Can the mediots influence and shape a political race to their advantage?
To play off of an Obama campaign slogan: Yes, they can.
Related: I’ve been reading with mild amusement The Usual Suspects howl with outrage over the endorsement of Senator McCain by Texas pastor John Hagee, who has made some extremely controversial remarks about the Catholic faith and Catholic people, an endorsement McCain has said he was “honored” to receive. The DNC has even gotten involved:
His campaign issued the statement after two days of criticism from the Democratic National Committee, the Catholic League and Catholics United.

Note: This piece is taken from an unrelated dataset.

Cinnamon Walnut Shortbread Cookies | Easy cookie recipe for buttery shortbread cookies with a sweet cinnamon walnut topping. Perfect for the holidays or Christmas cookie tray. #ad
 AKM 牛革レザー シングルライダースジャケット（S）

Democrats quoted Hagee as saying the Catholic Church conspired with Nazis against the Jews and that Hurricane Katrina was God’s retribution for homosexual sin, and they recited his demeaning comments about women and flip remarks about slavery.
“Hagee’s hate speech has no place in public discourse, and McCain’s embrace of this figure raises serious questions about John McCain’s character and his willingness to do anything to win,” said Tom McMahon, executive director of the Democratic National Committee.
Here’s a message for the DNC and the other perpetually outraged far lefty demagogues who are trying to gain political traction with this issue against McCain: When McCain attends Hagee’s church on a routine basis, writes both a speech and a book based on a Hagee sermon, often cites Hagee as a source of inspiration, goes to Hagee regularly for spirtual and political counsel, all of which Senator Barack Obama has done with Rev. Jeremiah Wright, the black nationalist, Jew-hating preacher of the Trinity United Church of Christ – the church BO attends, then get back to me, ok? Until then, your outrage over this endorsement will stand as nothing more than what it is: phoney. You guys have no room to talk on this issue. None.